If a line in the listing below has the string "pretty", copy it out.

AVAILABLE DATA
____________________

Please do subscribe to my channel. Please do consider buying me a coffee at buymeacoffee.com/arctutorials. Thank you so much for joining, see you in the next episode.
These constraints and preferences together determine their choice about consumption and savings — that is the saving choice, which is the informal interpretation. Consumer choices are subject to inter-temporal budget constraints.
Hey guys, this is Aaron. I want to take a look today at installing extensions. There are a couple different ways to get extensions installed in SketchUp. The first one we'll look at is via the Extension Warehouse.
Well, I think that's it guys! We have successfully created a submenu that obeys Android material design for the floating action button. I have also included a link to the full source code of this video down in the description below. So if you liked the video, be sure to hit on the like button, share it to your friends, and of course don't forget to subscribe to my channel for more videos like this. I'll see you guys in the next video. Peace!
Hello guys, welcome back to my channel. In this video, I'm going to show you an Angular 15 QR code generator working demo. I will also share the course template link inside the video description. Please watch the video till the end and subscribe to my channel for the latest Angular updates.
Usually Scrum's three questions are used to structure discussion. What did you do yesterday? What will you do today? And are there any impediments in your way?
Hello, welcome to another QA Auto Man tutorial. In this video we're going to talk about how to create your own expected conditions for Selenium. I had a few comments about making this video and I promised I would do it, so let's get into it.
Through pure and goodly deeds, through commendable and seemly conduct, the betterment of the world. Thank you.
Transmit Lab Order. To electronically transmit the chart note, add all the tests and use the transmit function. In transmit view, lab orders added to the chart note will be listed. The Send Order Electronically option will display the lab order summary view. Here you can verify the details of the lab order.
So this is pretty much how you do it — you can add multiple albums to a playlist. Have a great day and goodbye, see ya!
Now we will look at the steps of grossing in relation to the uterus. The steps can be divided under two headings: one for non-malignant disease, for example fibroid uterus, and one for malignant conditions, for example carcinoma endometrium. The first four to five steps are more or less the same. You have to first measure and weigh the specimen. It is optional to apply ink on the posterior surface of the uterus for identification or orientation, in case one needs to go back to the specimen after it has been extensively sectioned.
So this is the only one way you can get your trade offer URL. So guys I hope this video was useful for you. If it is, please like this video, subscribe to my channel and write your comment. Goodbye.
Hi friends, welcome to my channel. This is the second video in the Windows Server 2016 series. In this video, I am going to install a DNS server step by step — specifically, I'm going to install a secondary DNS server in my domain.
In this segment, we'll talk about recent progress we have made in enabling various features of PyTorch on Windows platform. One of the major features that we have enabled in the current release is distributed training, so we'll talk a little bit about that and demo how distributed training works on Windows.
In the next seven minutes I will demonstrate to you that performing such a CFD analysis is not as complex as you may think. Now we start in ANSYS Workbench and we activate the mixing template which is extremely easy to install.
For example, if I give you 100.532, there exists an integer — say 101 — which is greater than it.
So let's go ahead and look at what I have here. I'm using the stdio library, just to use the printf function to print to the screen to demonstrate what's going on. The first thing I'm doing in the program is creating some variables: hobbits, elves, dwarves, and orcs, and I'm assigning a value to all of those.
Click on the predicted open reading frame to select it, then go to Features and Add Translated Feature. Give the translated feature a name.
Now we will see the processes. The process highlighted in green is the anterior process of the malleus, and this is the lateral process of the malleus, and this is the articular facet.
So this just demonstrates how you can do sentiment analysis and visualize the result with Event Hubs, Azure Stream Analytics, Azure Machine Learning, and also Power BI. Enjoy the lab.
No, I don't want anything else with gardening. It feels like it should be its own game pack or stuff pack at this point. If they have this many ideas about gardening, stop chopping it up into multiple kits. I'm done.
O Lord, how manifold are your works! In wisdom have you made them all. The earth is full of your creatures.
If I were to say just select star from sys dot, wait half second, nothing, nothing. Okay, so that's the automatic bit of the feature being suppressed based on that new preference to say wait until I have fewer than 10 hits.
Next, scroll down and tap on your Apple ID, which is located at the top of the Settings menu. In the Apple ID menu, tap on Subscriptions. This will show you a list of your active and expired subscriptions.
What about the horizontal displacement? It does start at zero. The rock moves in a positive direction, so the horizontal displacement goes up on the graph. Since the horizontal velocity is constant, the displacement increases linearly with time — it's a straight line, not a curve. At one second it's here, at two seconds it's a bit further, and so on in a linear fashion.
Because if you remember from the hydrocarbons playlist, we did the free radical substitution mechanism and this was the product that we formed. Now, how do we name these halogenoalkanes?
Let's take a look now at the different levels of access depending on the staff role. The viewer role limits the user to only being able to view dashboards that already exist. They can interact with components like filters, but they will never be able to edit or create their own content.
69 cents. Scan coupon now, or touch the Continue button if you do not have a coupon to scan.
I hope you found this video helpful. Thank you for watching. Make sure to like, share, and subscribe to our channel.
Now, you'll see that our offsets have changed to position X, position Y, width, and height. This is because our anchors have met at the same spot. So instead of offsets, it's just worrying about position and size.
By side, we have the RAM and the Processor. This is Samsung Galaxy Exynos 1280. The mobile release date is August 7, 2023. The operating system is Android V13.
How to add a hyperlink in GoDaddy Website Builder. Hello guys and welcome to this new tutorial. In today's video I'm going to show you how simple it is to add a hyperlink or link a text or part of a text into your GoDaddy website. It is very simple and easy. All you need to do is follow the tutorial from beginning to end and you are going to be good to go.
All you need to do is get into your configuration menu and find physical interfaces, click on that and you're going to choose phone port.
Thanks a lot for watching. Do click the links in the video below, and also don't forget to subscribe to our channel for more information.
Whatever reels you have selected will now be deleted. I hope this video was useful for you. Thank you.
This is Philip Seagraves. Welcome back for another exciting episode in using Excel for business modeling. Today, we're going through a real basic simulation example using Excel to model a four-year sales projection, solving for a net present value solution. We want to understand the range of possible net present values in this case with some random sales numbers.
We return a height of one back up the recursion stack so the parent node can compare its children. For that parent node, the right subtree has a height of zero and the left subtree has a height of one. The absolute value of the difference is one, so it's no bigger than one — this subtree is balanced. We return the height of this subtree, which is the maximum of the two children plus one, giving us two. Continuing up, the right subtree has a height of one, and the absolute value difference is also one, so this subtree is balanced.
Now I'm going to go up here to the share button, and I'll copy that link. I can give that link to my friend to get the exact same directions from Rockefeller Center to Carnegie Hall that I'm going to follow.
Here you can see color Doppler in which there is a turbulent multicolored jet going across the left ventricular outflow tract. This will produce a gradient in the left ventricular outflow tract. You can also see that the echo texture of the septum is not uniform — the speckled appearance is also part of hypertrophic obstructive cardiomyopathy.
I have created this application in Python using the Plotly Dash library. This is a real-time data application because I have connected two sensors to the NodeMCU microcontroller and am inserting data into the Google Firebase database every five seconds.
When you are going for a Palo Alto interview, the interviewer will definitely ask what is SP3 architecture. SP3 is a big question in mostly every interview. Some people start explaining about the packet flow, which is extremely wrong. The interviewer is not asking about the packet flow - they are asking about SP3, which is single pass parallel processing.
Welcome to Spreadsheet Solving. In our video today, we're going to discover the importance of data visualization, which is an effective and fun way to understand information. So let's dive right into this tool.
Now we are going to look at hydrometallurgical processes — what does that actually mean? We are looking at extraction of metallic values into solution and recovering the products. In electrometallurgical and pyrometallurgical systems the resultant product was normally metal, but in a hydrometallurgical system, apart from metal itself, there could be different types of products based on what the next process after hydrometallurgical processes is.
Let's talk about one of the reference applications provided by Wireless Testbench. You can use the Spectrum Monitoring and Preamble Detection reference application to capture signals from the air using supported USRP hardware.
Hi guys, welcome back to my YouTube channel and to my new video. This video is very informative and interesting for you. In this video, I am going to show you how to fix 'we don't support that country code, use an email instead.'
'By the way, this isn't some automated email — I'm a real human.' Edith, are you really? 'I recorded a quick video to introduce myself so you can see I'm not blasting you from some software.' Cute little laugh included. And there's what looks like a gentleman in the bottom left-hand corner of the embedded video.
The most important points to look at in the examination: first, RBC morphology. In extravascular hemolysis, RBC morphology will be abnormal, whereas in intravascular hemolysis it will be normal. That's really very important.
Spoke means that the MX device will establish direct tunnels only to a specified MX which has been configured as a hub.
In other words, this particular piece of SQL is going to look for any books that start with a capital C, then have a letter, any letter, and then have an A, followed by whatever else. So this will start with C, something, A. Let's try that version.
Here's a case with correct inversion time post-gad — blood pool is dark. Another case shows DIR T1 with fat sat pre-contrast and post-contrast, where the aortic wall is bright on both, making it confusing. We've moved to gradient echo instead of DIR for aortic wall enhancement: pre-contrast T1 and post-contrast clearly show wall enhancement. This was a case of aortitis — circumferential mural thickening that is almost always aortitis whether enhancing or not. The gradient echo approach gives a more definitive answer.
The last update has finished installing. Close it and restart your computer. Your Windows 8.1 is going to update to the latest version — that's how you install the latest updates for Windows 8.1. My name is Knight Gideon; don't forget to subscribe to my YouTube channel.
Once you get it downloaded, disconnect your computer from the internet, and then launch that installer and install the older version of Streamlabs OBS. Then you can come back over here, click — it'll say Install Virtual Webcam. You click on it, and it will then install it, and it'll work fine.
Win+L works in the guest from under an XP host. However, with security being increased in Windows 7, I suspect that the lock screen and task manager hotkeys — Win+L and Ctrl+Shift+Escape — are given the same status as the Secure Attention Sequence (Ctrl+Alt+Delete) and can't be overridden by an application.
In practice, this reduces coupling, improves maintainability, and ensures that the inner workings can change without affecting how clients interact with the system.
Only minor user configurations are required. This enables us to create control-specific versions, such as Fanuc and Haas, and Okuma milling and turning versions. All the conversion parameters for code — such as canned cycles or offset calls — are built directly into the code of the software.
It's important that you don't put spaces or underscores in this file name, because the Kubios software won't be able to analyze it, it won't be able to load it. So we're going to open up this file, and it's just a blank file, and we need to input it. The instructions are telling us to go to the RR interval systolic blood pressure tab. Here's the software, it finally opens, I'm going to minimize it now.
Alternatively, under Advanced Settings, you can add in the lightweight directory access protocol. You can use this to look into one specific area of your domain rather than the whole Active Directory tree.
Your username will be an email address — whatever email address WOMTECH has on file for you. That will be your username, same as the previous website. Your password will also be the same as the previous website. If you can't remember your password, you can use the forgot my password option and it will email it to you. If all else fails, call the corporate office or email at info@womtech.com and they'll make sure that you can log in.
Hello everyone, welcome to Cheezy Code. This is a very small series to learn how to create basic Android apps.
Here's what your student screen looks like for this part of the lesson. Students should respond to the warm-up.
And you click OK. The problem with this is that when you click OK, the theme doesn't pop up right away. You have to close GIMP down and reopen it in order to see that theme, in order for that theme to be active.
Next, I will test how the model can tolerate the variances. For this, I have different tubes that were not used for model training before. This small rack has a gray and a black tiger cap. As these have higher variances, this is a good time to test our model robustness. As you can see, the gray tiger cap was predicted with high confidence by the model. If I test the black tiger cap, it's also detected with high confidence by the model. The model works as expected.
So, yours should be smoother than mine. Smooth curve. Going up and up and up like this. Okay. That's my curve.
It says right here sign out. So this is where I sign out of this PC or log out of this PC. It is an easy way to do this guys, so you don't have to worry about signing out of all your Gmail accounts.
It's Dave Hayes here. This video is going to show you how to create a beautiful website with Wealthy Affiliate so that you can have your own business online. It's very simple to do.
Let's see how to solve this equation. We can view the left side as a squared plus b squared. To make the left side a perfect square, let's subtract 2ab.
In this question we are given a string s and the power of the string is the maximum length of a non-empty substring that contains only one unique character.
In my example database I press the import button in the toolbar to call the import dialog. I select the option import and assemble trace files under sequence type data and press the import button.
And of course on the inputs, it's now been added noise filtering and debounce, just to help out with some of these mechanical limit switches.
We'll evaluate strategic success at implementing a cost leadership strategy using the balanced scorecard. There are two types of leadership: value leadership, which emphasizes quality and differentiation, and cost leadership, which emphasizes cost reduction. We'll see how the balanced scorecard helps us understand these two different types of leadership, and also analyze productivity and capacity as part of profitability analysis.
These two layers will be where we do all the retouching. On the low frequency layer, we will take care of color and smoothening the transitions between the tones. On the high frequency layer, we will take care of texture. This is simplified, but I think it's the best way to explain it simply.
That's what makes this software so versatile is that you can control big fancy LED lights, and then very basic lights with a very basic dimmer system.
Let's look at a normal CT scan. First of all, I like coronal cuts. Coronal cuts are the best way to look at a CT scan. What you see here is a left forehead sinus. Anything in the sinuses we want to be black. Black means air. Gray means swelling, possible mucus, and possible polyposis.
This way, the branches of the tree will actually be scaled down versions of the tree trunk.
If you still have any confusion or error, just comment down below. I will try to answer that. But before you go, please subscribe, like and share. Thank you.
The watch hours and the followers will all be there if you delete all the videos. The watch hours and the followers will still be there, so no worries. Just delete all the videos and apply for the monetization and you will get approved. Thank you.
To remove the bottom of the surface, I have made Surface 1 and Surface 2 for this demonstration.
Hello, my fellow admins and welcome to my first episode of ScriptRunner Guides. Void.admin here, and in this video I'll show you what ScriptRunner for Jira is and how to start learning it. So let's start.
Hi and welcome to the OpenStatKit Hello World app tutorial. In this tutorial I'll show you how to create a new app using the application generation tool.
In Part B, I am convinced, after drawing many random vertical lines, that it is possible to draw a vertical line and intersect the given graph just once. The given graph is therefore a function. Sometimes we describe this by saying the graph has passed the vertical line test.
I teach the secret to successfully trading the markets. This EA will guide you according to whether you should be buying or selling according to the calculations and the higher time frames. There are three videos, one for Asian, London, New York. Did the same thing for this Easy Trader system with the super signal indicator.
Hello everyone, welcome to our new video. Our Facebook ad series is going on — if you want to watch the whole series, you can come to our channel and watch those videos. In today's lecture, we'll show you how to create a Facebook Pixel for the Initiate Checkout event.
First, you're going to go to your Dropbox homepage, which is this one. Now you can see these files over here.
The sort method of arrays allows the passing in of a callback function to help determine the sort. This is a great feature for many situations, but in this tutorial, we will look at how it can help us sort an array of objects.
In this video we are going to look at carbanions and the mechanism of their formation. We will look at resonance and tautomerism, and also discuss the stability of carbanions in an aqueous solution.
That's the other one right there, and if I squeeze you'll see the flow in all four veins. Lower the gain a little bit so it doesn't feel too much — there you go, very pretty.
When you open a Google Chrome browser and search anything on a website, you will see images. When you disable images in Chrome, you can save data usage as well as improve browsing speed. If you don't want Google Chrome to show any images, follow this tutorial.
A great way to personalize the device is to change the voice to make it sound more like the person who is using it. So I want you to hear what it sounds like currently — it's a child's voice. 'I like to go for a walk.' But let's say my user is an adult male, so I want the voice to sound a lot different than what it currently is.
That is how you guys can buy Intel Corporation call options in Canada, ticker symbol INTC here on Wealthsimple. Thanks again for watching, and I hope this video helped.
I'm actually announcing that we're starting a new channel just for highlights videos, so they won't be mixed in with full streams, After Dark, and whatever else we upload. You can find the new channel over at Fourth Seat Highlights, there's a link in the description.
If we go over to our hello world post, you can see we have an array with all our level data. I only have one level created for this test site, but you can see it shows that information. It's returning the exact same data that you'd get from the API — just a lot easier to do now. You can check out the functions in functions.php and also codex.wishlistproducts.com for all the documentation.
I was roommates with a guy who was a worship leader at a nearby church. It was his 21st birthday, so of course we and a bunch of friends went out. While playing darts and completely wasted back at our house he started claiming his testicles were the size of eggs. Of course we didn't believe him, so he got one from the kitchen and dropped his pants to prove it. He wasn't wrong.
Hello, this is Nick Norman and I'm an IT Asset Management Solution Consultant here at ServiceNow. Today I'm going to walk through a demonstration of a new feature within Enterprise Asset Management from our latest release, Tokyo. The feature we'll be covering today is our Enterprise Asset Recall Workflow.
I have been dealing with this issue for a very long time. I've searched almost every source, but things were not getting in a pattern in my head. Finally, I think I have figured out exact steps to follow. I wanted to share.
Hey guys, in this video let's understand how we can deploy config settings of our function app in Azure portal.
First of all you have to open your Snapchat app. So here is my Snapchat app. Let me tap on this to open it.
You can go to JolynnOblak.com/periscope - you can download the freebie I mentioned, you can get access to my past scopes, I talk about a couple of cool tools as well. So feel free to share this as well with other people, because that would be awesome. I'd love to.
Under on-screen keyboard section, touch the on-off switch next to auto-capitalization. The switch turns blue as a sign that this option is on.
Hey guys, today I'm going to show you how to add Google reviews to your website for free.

____________________

RESPONSE
So this is pretty much how you do it — you can add multiple albums to a playlist. Have a great day and goodbye, see ya!
That's the other one right there, and if I squeeze you'll see the flow in all four veins. Lower the gain a little bit so it doesn't feel too much — there you go, very pretty.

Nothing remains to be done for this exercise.